*Work request:* From the first line onward, reproduce the records exactly; the final line to include is the one holding "HomeRoots 10' Pink".
**** The data
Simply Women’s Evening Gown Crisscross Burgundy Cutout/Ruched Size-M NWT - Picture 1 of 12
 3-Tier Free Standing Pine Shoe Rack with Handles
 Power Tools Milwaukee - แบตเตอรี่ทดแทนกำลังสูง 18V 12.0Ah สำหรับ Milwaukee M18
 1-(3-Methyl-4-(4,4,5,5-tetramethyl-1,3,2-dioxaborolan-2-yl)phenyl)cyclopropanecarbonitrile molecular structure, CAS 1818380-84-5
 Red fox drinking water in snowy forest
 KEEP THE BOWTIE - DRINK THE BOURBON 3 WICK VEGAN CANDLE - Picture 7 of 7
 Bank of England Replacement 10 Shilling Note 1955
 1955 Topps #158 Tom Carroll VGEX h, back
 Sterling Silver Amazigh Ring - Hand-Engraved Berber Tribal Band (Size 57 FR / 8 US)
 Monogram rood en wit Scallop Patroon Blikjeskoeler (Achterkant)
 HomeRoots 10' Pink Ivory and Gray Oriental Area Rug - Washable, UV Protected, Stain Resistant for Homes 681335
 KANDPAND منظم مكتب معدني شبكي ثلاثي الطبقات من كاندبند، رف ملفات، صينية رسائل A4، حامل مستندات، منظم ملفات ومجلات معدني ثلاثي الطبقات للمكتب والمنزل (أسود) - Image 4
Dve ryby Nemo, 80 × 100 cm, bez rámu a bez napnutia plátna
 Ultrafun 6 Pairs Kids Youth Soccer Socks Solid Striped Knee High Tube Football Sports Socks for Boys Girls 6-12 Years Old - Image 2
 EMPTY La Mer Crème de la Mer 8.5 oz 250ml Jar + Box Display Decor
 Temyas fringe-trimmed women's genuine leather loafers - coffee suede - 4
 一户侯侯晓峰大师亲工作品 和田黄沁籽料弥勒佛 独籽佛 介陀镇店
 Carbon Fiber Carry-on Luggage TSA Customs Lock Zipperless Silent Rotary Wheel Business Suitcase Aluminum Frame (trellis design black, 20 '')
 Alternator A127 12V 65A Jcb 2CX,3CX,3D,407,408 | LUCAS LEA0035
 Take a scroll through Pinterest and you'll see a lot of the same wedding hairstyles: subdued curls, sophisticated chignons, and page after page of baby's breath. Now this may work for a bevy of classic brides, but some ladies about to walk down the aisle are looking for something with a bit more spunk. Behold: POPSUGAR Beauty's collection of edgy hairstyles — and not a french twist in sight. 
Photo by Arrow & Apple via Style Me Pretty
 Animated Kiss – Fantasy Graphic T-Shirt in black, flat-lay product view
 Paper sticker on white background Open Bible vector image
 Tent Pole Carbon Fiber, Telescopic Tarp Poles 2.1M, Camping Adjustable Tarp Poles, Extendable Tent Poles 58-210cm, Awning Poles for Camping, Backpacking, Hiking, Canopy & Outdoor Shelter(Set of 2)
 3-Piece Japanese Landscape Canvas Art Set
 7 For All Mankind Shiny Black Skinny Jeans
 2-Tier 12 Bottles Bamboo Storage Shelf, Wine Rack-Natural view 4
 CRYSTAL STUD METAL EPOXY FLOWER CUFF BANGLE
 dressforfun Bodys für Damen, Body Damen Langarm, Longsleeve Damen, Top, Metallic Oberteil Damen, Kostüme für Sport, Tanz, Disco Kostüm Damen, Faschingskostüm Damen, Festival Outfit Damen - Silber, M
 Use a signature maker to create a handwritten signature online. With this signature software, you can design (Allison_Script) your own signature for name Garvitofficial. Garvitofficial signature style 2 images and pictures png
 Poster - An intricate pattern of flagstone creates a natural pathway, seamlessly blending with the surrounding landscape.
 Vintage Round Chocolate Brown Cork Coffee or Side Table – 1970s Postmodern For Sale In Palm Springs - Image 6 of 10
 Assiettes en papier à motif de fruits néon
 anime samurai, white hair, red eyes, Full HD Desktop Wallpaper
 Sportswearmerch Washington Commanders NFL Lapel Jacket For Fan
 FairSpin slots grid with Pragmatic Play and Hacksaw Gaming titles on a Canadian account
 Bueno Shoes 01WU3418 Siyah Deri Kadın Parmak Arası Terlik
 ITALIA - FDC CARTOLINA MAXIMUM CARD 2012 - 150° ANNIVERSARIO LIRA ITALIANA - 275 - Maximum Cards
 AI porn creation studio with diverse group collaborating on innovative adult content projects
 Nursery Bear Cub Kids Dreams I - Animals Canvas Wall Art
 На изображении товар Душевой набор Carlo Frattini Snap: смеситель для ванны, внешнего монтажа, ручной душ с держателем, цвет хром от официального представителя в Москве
********
*Solution to the problem:*
Simply Women’s Evening Gown Crisscross Burgundy Cutout/Ruched Size-M NWT - Picture 1 of 12
 3-Tier Free Standing Pine Shoe Rack with Handles
 Power Tools Milwaukee - แบตเตอรี่ทดแทนกำลังสูง 18V 12.0Ah สำหรับ Milwaukee M18
 1-(3-Methyl-4-(4,4,5,5-tetramethyl-1,3,2-dioxaborolan-2-yl)phenyl)cyclopropanecarbonitrile molecular structure, CAS 1818380-84-5
 Red fox drinking water in snowy forest
 KEEP THE BOWTIE - DRINK THE BOURBON 3 WICK VEGAN CANDLE - Picture 7 of 7
 Bank of England Replacement 10 Shilling Note 1955
 1955 Topps #158 Tom Carroll VGEX h, back
 Sterling Silver Amazigh Ring - Hand-Engraved Berber Tribal Band (Size 57 FR / 8 US)
 Monogram rood en wit Scallop Patroon Blikjeskoeler (Achterkant)
 HomeRoots 10' Pink Ivory and Gray Oriental Area Rug - Washable, UV Protected, Stain Resistant for Homes 681335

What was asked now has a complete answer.